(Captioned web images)
-- Opening Marker --
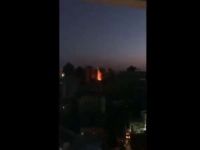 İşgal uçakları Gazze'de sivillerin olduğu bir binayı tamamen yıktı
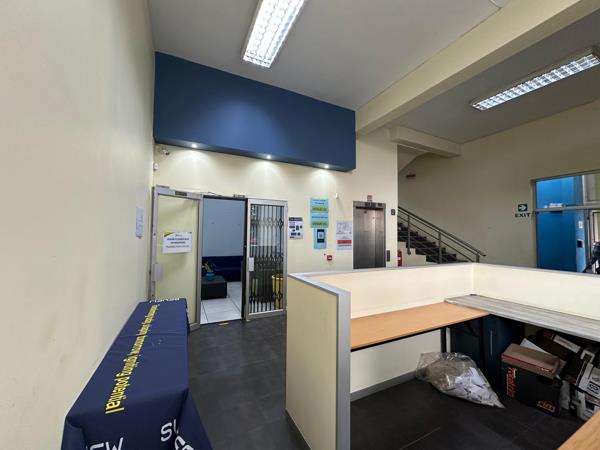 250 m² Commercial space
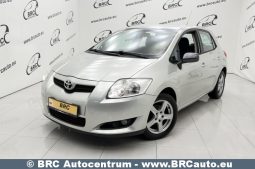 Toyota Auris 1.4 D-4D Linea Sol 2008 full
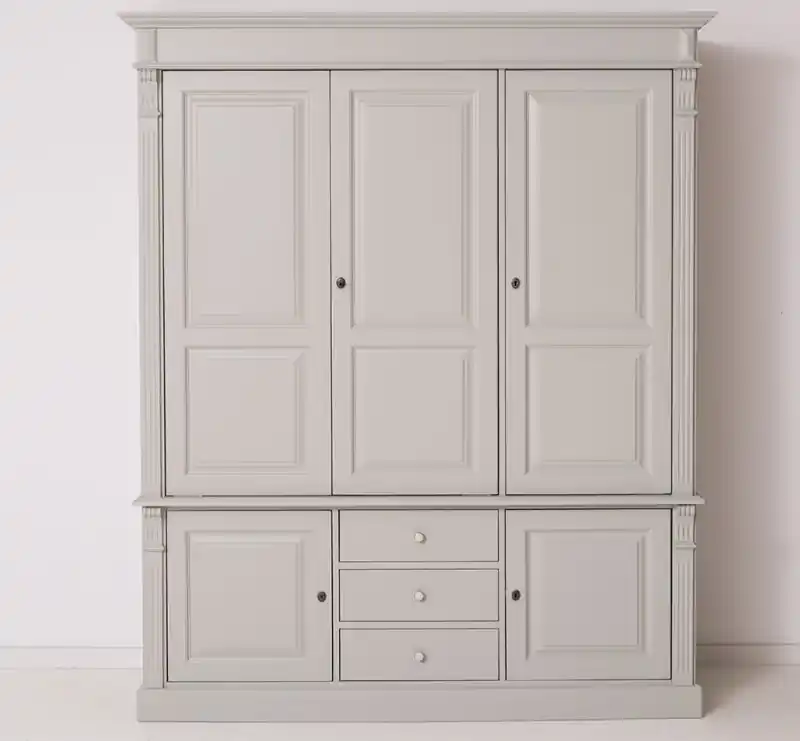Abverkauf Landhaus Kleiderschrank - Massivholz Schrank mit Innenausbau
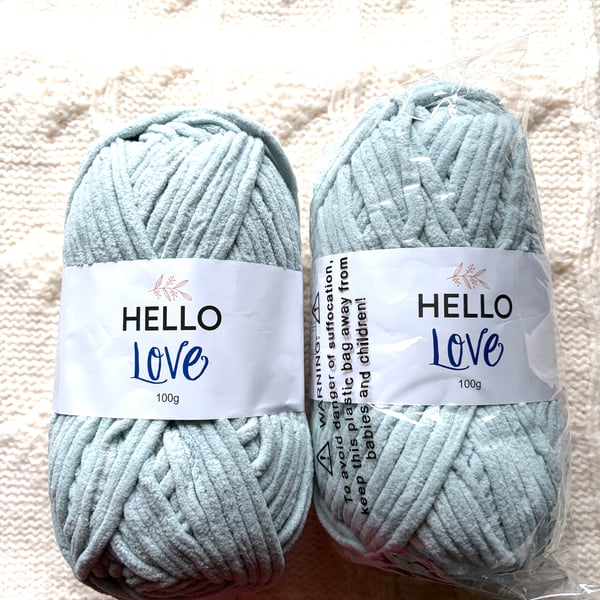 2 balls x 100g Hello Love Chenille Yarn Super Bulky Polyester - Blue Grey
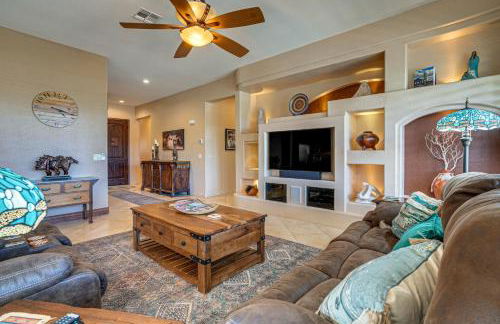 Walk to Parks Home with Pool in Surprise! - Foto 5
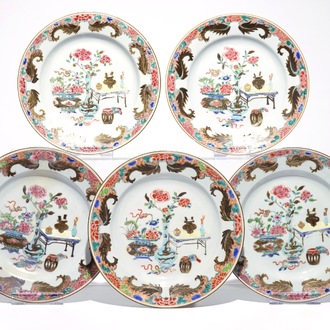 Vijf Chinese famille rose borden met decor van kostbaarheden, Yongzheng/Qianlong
-- Closing Marker --
◆ **Exercise directions**: From the first line through the line with "Walk to Parks", output those lines of the entries above exactly, and nothing else, with the pictures left out.

◆ **Result below**:
 İşgal uçakları Gazze'de sivillerin olduğu bir binayı tamamen yıktı
 250 m² Commercial space
 Toyota Auris 1.4 D-4D Linea Sol 2008 full
Abverkauf Landhaus Kleiderschrank - Massivholz Schrank mit Innenausbau
 2 balls x 100g Hello Love Chenille Yarn Super Bulky Polyester - Blue Grey
 Walk to Parks Home with Pool in Surprise! - Foto 5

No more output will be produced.